Mr. Frank has put his hand on what might be called a silent coup d’etat, carried out in full view via advertising, on the same scale that Hitler and Mao used to inculcate the truths of their new world orders. The landscape of our minds is being rearranged by incessant fusillades of new-era propaganda on a scale never seen in a non-totalitarian society. The Web, brought to you by cisco (CSCO) Systems, will make you free and make you equal and make you feel like you’re rich.
Part of Mr. Frank’s thesis is that our society is under attack by propaganda neutron bombs.

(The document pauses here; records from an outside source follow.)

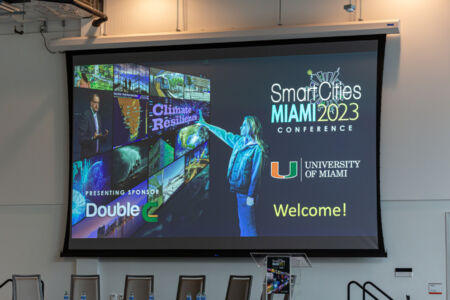 Smart-Cities-MIAMI-2023-03302023 DC JAbreu 0001 (50)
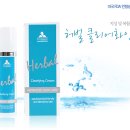 킴스코 이미지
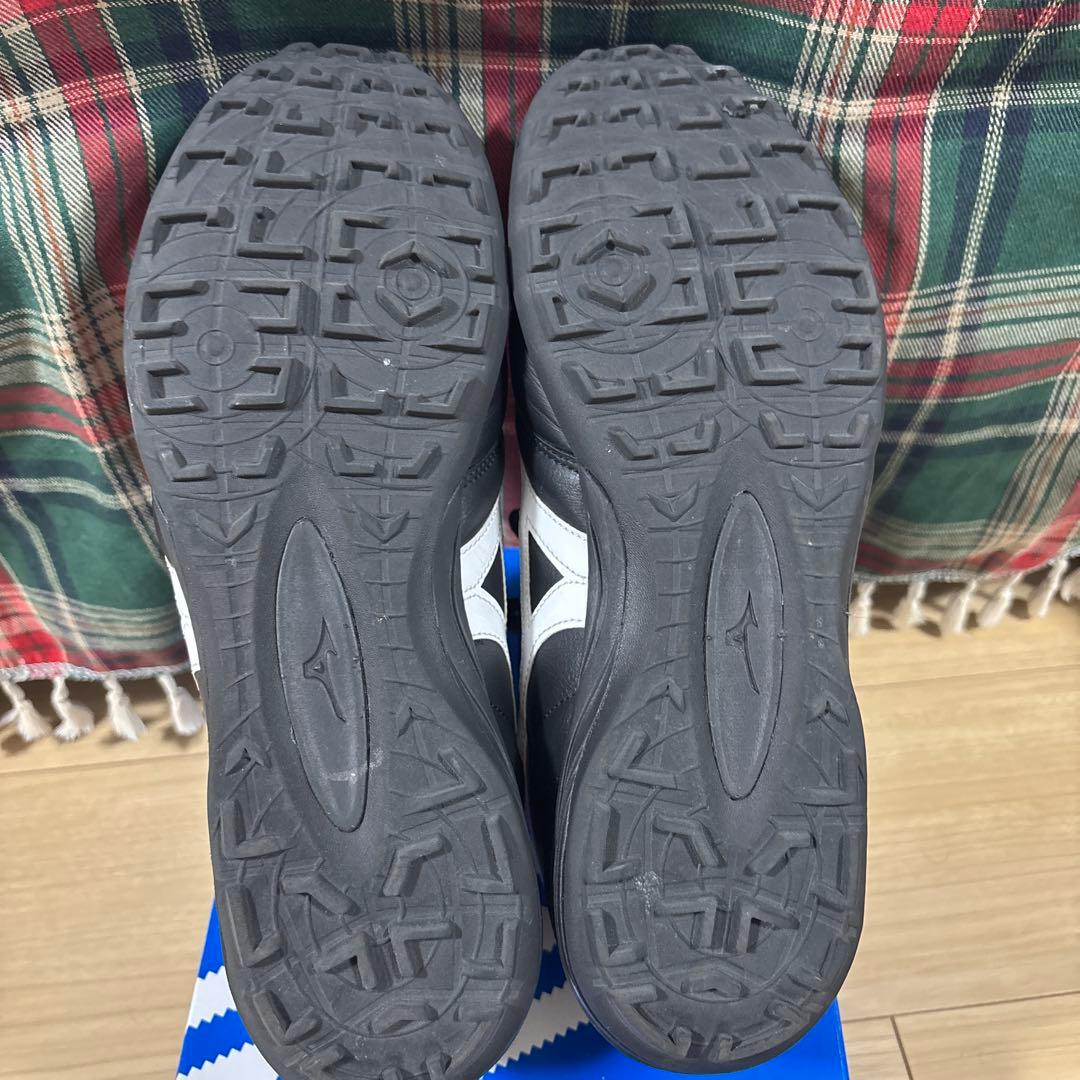 Mizuno モレリア TF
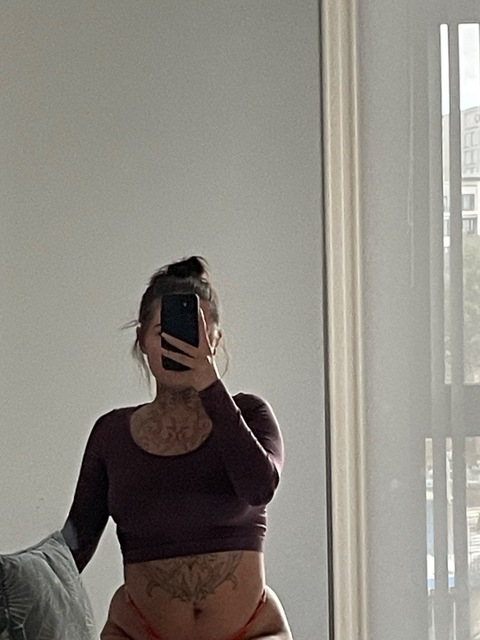 Video leaks amberclawsonnx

When the firing stops, the real estate will be in place, not a brick disturbed, the laws will be the same, but our heads will have been so changed that we will now believe that the business executives are the “revolutionaries,” fighting “the elites” in the struggle for freedom, meaning a society in which markets, emancipated from every form of control (except manipulation by the brokers) decide everything. In the CEO-cracy aborning, a population taught to believe that all blessings flow from the board rooms will assist in the dismantling of public power and hence in its own neutering.
In the personal realm, most of us have already had our powers reduced to a near nullity. In the interactive age, we were placed on hold 15 years ago, and we’re still waiting. We are on a universal automated telephone menu, the electronic circle ever returning to the announcement that tells us, “To hear these options again, press star, press pound, press any old goddamn number you want-and you’ll still get a recorded horselaugh.”
It is odd that so many of us are so upset about the possibility that our guns might be made illegal. We must have them to defend ourselves, although virtually none of us will ever be in a threatening situation which can be saved by firearms. We need weapons, all right, but not ones that fire bullets. We have no market power, we have no unions, we have no candidates. Politically, we have been de-sexed. We’re sterile, impotent-and most of us, it seems, are too dumb, too greedy, too silly or too bedazzled to notice.
But Thomas Frank knows, and he ends his book with an eloquent paragraph which says that which begs to be said: The so-called New Economy has brought about “the destruction of the social contract of mid-century, the middle-class republic that our ancestors spent decades building. We burnt it up in one great bonfire in order to toast a few marshmallows. Millions found themselves trapped in casual jobs with no benefits, but our shares … did OK. We caught the Qualcomm wave and acquiesced as the last of the social safety nets were removed. A good education for our kids ascended out of our reach, but our position in Cisco paid off; our neighborhoods collapsed and our industries decamped and our neighbors were rounded up for a lifetime in Joliet, but we had an amply funded 401(k) to show for it … we surrendered any control over our own future … we frittered away what little workplace power we had managed to achieve; convinced that the Internet ‘changed everything’ we eased ourselves into a state of induced forgetfulness; for the sake of ‘democracy’ we signed away some of our most basic rights as citizens.”